Polizei will raus aus dem Tunnel

NSU Bundestagsabgeordnete informieren im Abgeordnetenhaus über die Konsequenzen aus dem NSU-Untersuchungsausschuss. Polizeipräsident will Rechtsextremismus gezielter bekämpfen

„Mit den V-Männern wurde aus einem Instrument zur Durchleuchtung der Szene ein Schutzschild für die Szene“

PETRA PAU, BUNDESTAGSABGEORDNETE DER LINKEN

VON PLUTONIA PLARRE

Sie seien gekommen, um zu sensibilisieren, sagen die Gäste: Der Abschlussbericht des NSU-Untersuchungsausschusses des Bundestages dürfe nicht in den Schubladen der Länder verschwinden. Eva Högl (SPD), Petra Pau (Die Linke), Christian Ströbele (Grüne) und Clemens Binninger (CDU) haben an dem im August 2013 veröffentlichten Bericht mitgewirkt. Am Montag nun informierten die vier Bundestagsabgeordneten den Innenausschuss des Berliner Abgeordnetenhauses über die erforderlichen Konsequenzen aus der 1.300 Seiten dicken Schrift. Polizeipräsident Klaus Kandt eröffnete die Sitzung, indem er einen eigenen Bericht präsentierte, in dem umfangreiche Maßnahmen der Polizei zur Bekämpfung von Rechtsextremismus aufgelistet sind.

Der Bundestagsausschuss gibt in seinem Bericht 47 Empfehlungen.

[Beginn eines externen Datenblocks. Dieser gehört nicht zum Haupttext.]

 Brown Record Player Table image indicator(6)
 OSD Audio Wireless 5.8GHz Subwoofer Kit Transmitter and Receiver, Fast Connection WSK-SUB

So soll etwa die Polizei bei Gewalttaten gegen Migranten immer auch einen möglichen rassistischen Hintergrund prüfen. Genau darauf zielte die Kritik von Högl, die die Arbeit der Berliner Polizei ansonsten ausdrücklich lobte. Der Brand in der Kreuzberger Mevlana-Moschee im August, sagte Högl, zeige, wie die Polizei es genau nicht machen solle: Die Ermittler hatten sich zunächst sehr zurückgehalten und einen technischen Defekt als Grund nicht ausgeschlossen. Inzwischen ist sich die Kripo jedoch sicher, dass das Feuer absichtlich gelegt wurde.

Bei jeder schweren Straftat, bei der es Opfer mit Migrationshintergrund gibt, „muss routinemäßig ein ausländerfeindliches oder rassistisches Tatmotiv untersucht werden“, forderte Högl. Auch durch den Umstand, dass es kein Bekennerschreiben gebe, dürfe sich die Polizei nicht irritieren lassen. „Beim NSU gab es nie eine Bekennung, die Tat als solche war eine Bekennung“, sagte auch der CDUler Binninger.

Anders als Thüringen, Bayern, Hamburg oder Mecklenburg-Vorpommern war Berlin kein Tatland, in dem der NSU mordete. Aber bei der Aufklärung haben sich auch die Berliner Sicherheitsbehörden nicht mit Ruhm bekleckert. Viel zu spät teilte Innensenator Frank Henkel (CDU) dem Bundestag mit, dass seine Polizei mindestens einen V-Mann mit Verbindung zum Neonazi-Trio Uwe Böhnhardt, Uwe Mundlos und Beate Zschäpe hatte. Bis heute ist nicht geklärt, warum die V-Mann-Führer beim Staatsschutz die Hinweise von Thomas S. nicht an die Thüringer Ermittler weitergegeben haben.

Und dann schredderte der Verfassungsschutz auch noch 57 Ordner mit möglichem NSU-Bezug. Trotzdem stellte ein von Henkel als Berliner Sonderermittler eingesetzter Oberstaatsanwalt den Behörden im Januar 2013 einen Persilschein aus: Streng juristisch gesehen sei alles rechtskonform gewesen, hieß es.

Was die Führung von V-Männern mit NSU-Bezug angehe, seien Berlin und Brandenburg Schlüsselländer gewesen, betonte der Bundestagsabgeordnete Ströbele am Montag. Entweder die Beamten des Staatsschutzes hätten sich von Thomas S. „in die Irre leiten lassen“ oder die Brisanz seiner Informationen nicht erkannt. Nicht nur deshalb, so Ströbele, sei er der Meinung: „Nazis als V-Männer machen keinen Sinn.“ Sie verursachten mehr Schaden und verhinderten eindeutig die Aufklärung. Petra Pau formulierte es noch drastischer: „Aus einem Instrument zur Durchleuchtung der Szene wurde ein Schutzschild für die Szene.“ Die Linken fordern die Abschaffung des V-Mann-Wesens.

Verschiedene andere Bundesländer haben den NSU-Komplex in eigenen Untersuchungsausschüssen aufgearbeitet. Die Piraten fordern einen solchen auch für Berlin. Grüne und Linke haben sich noch nicht entschieden. So oder so wird das Thema den Innenausschuss weiter beschäftigen: Zu einer weiteren Anhörung sollen Vertreter der Zivilgesellschaft, darunter die Mobile Beratung gegen Rechtsextremismus, geladen werden. Sie sollen über ihre Erfahrungen mit den Sicherheitsbehörden im Umgang mit Rassismus berichten.

Kandt kündigte außerdem eine bessere Zusammenarbeit von Justiz und Verfassungsschutz an. Die Motive rechtsextremer Täter sollen genauer erfasst werden, Polizisten interkulturell fortgebildet werden. Angestrebt werde auch, mehr Migranten einzustellen. Für die Polizei gehe es auch darum, „aus dem Tunnelblick rauszukommen“.